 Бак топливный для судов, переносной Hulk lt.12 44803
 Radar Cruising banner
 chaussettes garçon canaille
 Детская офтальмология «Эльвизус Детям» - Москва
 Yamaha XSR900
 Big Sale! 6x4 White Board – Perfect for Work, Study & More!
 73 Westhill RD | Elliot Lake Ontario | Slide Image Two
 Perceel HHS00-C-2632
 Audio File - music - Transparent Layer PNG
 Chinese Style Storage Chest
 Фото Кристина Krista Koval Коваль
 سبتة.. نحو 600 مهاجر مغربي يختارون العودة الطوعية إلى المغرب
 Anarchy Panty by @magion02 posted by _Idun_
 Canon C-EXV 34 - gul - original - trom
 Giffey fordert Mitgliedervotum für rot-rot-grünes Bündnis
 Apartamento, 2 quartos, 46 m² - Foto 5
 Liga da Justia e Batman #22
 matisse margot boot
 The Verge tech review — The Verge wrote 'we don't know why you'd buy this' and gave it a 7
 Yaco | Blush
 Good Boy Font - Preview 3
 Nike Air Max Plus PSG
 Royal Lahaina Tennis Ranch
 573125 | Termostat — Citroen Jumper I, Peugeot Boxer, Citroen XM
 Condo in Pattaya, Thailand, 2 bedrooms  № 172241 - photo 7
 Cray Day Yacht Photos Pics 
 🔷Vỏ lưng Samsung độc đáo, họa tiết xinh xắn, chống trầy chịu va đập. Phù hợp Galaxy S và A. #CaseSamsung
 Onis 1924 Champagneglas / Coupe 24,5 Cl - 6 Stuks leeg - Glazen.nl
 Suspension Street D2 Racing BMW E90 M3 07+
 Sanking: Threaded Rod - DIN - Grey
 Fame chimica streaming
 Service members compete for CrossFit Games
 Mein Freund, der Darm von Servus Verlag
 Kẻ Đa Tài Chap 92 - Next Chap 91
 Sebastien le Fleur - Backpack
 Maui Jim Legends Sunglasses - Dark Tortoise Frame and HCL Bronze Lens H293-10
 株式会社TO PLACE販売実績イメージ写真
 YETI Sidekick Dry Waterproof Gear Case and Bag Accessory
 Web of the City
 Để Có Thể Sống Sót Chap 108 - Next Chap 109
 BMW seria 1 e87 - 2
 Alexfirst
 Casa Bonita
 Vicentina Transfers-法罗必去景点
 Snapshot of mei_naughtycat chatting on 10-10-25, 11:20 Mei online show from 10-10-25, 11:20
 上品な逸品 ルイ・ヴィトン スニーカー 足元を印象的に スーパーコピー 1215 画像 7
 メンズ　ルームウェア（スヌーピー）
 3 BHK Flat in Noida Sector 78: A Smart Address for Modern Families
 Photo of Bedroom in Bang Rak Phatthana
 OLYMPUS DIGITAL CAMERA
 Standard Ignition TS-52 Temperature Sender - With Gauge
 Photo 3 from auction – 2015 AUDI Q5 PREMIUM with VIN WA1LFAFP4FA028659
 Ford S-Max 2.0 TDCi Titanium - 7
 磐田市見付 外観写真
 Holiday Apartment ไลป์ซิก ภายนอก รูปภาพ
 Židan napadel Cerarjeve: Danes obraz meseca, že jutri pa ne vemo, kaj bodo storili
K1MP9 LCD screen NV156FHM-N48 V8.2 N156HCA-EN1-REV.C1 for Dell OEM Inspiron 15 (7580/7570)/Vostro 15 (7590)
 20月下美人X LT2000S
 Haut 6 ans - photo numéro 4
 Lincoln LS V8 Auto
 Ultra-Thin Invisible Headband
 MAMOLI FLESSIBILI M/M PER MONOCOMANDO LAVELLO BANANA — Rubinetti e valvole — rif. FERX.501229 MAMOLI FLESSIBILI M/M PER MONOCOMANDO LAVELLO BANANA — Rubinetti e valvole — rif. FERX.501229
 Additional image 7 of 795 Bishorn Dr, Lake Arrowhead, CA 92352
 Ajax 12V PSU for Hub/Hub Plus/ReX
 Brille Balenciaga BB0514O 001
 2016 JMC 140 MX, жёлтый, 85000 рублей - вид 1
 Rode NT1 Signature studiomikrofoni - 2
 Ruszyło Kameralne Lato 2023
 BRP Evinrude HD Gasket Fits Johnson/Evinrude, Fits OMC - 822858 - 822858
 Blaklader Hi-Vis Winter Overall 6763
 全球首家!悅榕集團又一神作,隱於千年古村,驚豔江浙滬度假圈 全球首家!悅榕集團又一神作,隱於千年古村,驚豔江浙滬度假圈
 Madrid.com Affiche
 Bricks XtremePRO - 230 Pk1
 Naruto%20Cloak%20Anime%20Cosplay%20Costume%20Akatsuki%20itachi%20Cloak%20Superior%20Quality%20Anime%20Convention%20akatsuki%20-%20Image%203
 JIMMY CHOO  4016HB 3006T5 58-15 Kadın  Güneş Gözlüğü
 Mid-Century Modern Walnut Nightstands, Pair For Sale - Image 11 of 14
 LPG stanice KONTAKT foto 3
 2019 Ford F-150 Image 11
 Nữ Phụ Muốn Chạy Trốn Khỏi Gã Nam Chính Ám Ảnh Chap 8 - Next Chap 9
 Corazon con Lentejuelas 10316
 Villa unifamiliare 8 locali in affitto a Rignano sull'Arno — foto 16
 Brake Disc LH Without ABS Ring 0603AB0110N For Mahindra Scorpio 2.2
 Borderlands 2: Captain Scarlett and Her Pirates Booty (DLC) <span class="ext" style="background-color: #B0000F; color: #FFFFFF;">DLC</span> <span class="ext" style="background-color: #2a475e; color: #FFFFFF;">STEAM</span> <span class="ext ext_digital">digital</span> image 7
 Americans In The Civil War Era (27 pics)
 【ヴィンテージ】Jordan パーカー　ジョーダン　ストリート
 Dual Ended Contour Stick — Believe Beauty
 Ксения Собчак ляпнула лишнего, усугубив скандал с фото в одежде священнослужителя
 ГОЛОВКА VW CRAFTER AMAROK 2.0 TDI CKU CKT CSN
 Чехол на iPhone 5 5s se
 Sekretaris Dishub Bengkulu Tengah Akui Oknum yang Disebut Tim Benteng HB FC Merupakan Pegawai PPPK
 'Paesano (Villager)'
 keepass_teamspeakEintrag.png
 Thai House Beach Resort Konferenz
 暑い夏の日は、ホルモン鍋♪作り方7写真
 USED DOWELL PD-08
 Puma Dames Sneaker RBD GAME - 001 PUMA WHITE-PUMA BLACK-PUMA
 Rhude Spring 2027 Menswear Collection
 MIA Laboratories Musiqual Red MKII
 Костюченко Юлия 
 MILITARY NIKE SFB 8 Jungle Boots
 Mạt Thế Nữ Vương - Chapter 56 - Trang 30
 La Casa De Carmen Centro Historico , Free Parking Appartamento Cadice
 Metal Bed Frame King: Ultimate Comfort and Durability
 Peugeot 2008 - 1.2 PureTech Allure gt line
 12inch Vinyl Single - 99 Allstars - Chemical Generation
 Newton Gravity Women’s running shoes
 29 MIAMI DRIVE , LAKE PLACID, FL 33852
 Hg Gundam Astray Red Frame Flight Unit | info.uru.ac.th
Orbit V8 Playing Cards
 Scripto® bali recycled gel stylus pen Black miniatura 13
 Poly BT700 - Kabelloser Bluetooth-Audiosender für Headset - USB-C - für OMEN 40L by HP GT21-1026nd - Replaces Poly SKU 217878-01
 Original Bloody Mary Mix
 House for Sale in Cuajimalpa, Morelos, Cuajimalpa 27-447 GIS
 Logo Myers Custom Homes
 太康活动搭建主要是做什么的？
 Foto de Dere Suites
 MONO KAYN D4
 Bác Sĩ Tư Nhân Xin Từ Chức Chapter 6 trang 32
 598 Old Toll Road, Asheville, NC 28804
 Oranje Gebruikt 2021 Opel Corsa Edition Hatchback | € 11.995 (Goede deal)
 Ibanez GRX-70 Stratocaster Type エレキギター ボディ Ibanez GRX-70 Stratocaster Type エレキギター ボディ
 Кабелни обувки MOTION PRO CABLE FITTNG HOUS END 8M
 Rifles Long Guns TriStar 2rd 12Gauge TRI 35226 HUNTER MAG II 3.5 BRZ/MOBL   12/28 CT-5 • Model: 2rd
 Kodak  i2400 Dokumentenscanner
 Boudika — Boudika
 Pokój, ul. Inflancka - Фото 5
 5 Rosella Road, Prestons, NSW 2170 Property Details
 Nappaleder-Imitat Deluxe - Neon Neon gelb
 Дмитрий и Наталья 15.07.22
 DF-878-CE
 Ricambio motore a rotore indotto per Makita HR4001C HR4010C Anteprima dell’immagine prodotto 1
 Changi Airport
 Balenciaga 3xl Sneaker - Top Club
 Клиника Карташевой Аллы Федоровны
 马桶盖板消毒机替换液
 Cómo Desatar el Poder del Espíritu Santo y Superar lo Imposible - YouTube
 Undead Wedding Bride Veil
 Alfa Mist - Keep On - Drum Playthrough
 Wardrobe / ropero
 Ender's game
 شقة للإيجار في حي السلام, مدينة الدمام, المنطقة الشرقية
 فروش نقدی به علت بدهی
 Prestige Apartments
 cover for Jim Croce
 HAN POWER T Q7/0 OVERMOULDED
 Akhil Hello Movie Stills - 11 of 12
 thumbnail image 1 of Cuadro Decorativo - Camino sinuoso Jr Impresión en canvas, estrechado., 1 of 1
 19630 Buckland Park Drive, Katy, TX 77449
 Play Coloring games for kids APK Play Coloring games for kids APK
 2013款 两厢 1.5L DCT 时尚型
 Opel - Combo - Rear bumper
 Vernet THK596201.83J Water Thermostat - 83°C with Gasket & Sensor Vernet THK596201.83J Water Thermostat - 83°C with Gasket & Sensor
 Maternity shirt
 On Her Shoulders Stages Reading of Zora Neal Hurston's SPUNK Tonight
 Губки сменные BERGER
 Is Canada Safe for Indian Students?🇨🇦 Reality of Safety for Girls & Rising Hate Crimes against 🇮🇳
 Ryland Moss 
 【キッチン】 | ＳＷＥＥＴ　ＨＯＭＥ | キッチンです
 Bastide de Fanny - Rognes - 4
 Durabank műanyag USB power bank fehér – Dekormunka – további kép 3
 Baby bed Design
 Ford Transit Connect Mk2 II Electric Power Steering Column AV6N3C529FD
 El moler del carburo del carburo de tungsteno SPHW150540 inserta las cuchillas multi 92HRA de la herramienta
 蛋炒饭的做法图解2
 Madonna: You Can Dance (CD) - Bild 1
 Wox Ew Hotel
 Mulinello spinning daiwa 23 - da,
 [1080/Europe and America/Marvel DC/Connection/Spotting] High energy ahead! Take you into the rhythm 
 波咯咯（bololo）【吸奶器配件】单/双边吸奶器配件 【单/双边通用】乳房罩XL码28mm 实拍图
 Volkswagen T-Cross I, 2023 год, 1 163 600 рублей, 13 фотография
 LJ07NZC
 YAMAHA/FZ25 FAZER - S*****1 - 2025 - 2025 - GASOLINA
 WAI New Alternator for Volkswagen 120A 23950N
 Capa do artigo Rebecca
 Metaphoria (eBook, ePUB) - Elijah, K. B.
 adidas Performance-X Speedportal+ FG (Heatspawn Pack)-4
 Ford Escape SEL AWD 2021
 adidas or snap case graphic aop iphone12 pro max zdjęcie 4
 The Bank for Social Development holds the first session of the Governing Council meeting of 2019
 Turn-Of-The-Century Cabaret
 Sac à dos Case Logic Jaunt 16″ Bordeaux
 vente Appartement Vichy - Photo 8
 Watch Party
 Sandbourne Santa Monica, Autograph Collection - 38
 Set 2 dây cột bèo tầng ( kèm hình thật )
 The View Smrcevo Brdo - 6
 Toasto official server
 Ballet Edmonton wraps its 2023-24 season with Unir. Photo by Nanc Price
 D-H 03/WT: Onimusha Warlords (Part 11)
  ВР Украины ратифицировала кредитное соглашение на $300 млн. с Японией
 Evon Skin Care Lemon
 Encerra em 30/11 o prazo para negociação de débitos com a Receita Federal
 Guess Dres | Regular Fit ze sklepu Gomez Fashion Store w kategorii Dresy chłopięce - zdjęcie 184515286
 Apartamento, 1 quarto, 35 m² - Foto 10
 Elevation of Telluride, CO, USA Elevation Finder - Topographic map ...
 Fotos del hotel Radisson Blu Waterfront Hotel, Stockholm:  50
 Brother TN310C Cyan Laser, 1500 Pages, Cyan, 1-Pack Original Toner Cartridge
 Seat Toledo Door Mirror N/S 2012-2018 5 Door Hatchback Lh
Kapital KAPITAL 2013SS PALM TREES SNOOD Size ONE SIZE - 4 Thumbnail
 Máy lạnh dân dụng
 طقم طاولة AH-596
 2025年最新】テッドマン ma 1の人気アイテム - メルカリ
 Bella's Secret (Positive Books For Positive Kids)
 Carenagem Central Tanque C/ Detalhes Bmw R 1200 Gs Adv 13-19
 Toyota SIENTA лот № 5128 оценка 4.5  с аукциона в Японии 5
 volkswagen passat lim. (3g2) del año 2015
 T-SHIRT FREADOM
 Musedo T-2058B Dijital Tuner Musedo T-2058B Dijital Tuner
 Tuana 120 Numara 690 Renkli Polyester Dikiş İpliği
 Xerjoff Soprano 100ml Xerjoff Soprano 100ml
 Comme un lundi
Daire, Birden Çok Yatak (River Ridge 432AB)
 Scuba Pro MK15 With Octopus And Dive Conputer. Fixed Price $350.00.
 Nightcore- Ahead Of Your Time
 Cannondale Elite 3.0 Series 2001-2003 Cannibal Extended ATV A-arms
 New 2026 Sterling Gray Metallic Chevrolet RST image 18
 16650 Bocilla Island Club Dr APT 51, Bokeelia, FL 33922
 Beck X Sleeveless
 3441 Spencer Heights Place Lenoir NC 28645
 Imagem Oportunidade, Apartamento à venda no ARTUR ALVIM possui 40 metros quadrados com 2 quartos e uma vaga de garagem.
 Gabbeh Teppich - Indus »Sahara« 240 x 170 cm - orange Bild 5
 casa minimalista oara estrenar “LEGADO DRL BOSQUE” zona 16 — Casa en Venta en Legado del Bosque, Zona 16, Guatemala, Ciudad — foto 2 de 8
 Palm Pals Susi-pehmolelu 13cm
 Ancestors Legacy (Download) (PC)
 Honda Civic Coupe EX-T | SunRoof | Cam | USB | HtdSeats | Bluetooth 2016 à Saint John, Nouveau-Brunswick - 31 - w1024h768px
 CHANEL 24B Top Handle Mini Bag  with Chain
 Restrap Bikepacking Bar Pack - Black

------------------------------

__Your goal__:
Count every line of the entries that holds the string "Hotel". Please answer with the count alone.

__Written response__:
2